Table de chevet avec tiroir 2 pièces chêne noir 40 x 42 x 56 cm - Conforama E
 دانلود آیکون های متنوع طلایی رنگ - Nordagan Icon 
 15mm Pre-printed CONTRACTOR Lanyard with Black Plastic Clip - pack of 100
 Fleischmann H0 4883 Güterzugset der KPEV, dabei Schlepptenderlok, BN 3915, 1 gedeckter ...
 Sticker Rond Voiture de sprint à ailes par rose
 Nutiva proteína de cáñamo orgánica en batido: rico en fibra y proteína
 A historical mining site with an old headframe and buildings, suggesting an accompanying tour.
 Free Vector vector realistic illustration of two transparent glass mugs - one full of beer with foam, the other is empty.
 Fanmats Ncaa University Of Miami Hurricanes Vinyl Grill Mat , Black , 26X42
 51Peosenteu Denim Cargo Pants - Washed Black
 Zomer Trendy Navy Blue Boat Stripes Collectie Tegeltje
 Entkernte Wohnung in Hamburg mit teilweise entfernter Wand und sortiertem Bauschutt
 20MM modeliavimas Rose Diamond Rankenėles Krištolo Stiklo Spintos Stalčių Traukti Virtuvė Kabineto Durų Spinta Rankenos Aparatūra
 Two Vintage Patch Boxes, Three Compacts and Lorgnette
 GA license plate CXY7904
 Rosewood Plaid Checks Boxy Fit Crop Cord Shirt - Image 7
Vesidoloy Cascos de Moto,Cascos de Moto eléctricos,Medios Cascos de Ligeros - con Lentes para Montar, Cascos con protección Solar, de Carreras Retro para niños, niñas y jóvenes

☆ ☆ ☆ ☆ ☆

WORK ITEM => Write out, word for word, the line containing "Nutiva proteína de" and all the lines after it in the entries above, and nothing more.

ANSWER BELOW =>
 Nutiva proteína de cáñamo orgánica en batido: rico en fibra y proteína
 A historical mining site with an old headframe and buildings, suggesting an accompanying tour.
 Free Vector vector realistic illustration of two transparent glass mugs - one full of beer with foam, the other is empty.
 Fanmats Ncaa University Of Miami Hurricanes Vinyl Grill Mat , Black , 26X42
 51Peosenteu Denim Cargo Pants - Washed Black
 Zomer Trendy Navy Blue Boat Stripes Collectie Tegeltje
 Entkernte Wohnung in Hamburg mit teilweise entfernter Wand und sortiertem Bauschutt
 20MM modeliavimas Rose Diamond Rankenėles Krištolo Stiklo Spintos Stalčių Traukti Virtuvė Kabineto Durų Spinta Rankenos Aparatūra
 Two Vintage Patch Boxes, Three Compacts and Lorgnette
 GA license plate CXY7904
 Rosewood Plaid Checks Boxy Fit Crop Cord Shirt - Image 7
Vesidoloy Cascos de Moto,Cascos de Moto eléctricos,Medios Cascos de Ligeros - con Lentes para Montar, Cascos con protección Solar, de Carreras Retro para niños, niñas y jóvenes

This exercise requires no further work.